Phénomène rare, et observé de près, en Chine : le déroulement, à travers 6 villes, du 1er tour des élections présidentielles françaises.
Pas moins de 6386 Français résidents vinrent déposer leur voix ce dimanche 22/04, entre Wuhan, Chengdu, Shanghai, Canton, Hong Kong et Pékin, sous les yeux lointains des médias et de l’Etat chinois, avides d’apprendre comment on vote au «pays de la loi» (法 国 Faguo)… L’Etat avait 2 bonnes raisons de s’y intéresser. Stratégiquement, tout ce qui touche à la France importe à Pékin, en tant qu’axe européen et allié ponctuel. Et la Chine avait été citée dans la campagne par deux candidats, Fr. Bayrou et S. Royal, qui avaient proposé de boycotter les Jeux Olympiques de Pékin, pour cause de livraisons d’armes au Soudan…
Après dépouillement, les résultats permirent un rare décryptage de l’opinion des Français, variable selon chaque centre de vote. La faveur à N. Sarkozy (UMP, droite) fut bien plus forte qu’en France avec ses 31% (41% à Pékin, 52% à Shanghai et 62% à Hong Kong). Selon le Quai d’Orsay, la France de Chine octroya 52,7% à N. Sarkozy, et 23,9% au centriste Fr. Bayrou. S’il ne tenait qu’à la Chine, c’est ce dernier qui eût été le rival de N. Sarkozy au 2d tour, et non la candidate socialiste qui en Chine, ne reçut que 17,3%. Ce raz-de-marée sarkoziste reflète aussi la chute de JM. Le Pen (Front National) avec 2%, les 8 autres « petits » candidats se partageant 4%. Révélation d’une détermination de cette population intellectuelle et pragmatique, de voter « utile ». Enfin, à l’instar de l’Hexagone, le record de participation fut battu partout, avec à Pékin, 72%, contre 42% en 2002.

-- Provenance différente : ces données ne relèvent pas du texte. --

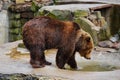 Bathing a big brown bear.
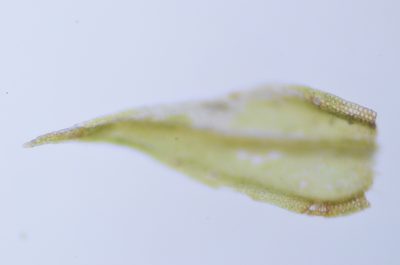 Lescuraea stenophylla, photographed by Randal
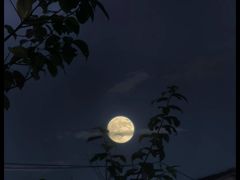 -铜锣湾KTV(木渎店)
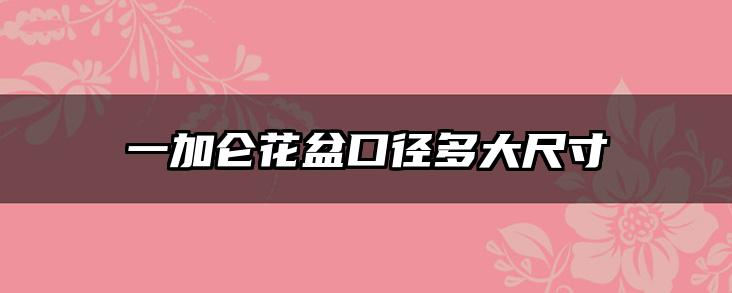 一加仑花盆口径多大尺寸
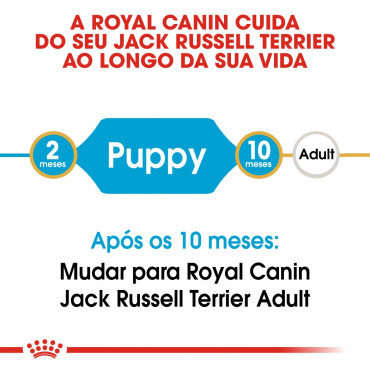 Royal Canin - Jack Russell Terrier Puppy | Goldpet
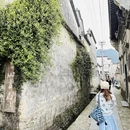 黄山旅游 缩略图 7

NB : lors du scrutin français en Chine, les caméras durent rester à la porte, afin de préserver l’anonymat de certains ressortissants—la Chine ne reconnaissant pas la double nationalité. En effet un Ouighour sino-Canadien vient d’être condamné en Chine sans que sa nation d’accueil soit admise à l’assister (VdlC n°16).
La Chine avait une autre raison d’observer ce scrutin sur son sol : toujours plus de voix en son sein, réclament la démocratisation du système…

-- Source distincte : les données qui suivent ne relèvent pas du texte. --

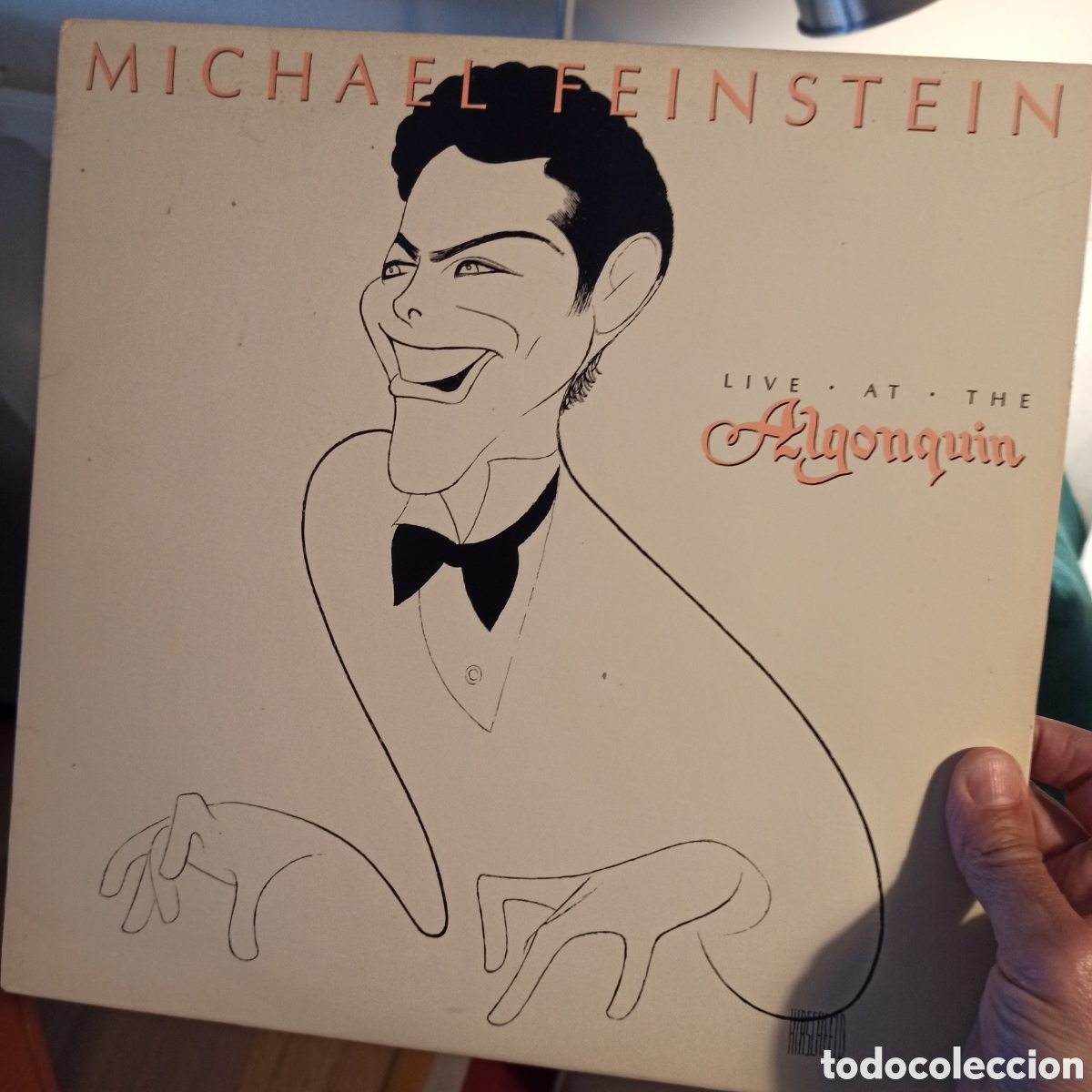 Discos de vinilo: Michael Feinstein &ndash; Live At The Algonquin - Foto 1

Or, un précédent fait fureur : le choix du Vietnam, en avril 2006 lors de son Xième Congrès, d’apporter un peu de transparence, en publiant à l’avance le rapport politique, et en tenant de vraies élections pour le 1er Secrétaire, le Politbureau… Pékin l’avait mal pris. En août 2006, le Président Hu aurait accusé le Parti-frère de « trahison des principes socialistes ».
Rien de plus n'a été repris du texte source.